El motivo no ha podido ser aclarado, pero sí que queda constancia del engaño en el que quiso incurrir ante unos policías nacionales a los que resultó sospechoso.
Esos agentes lo sorprendieron de noche y, cuando solicitaron ver su documentación, este les mostró en su teléfono móvil el pasaporte español expedido a nombre de otra persona, así como documentación digital con datos que no eran los suyos.
El intento por simular ser otro individuo ante los agentes no salió como esperaba.

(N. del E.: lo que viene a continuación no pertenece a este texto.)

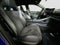 2023 Hyundai Elantra N Base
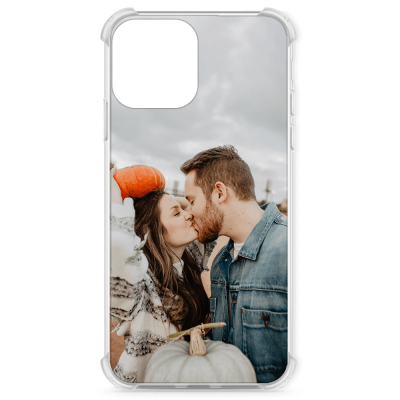 iPhone 12 Picture Case | Superior Quality with DMC
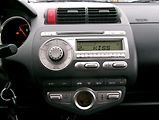 Honda Jazz (2005) 1,3i - ZADÁNO - náhled 18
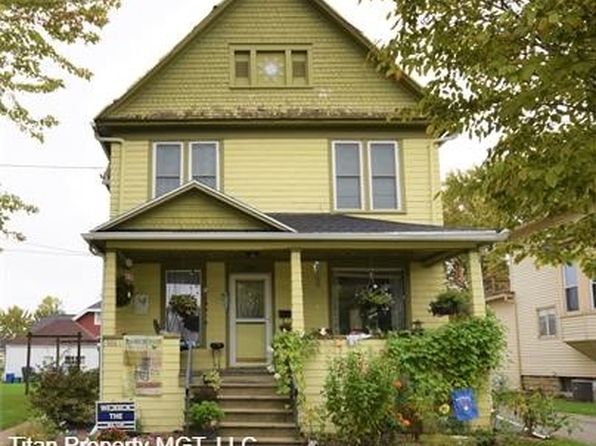 306 E Forest Ave #2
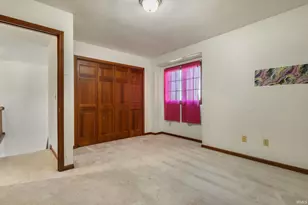 13741 Creston Hills Dr, Mishawaka, IN 46544 - Photo 10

En dependencias policiales sí se pudo saber quién era realmente, pero no se ha confirmado alguna acción posterior que pueda ser penada y que esté asociada a lo que es este delito de falsificación de documento público.
Uso consciente de documentación ajena, pero no se sabe con qué fin
El implicado utilizó conscientemente una documentación ajena para aparentar una identidad distinta de la suya y dificultar su verdadera identificación policial. En la Jefatura Superior pudo comprobarse que su verdadera identidad era otra, se estaba ante un simulador.
Al no tratarse de un súbdito marroquí se aplica condena que no se sustituye por expulsión como ya ha sucedido en otros casos.
La actuación policial y judicial queda ahí, con este servicio. En otros se ha procedido a detenciones de marroquíes que utilizaban documentos de otras personas pretendiendo así el embarque a la Península o colarse, como al menos ha ocurrido en una ocasión, en el helicóptero.
Tras la entrada masiva de inmigrantes a finales de julio han aumentado de forma notable los casos de falsificación de documentos, cuando ya se estaba tratando como una acción delictiva residual.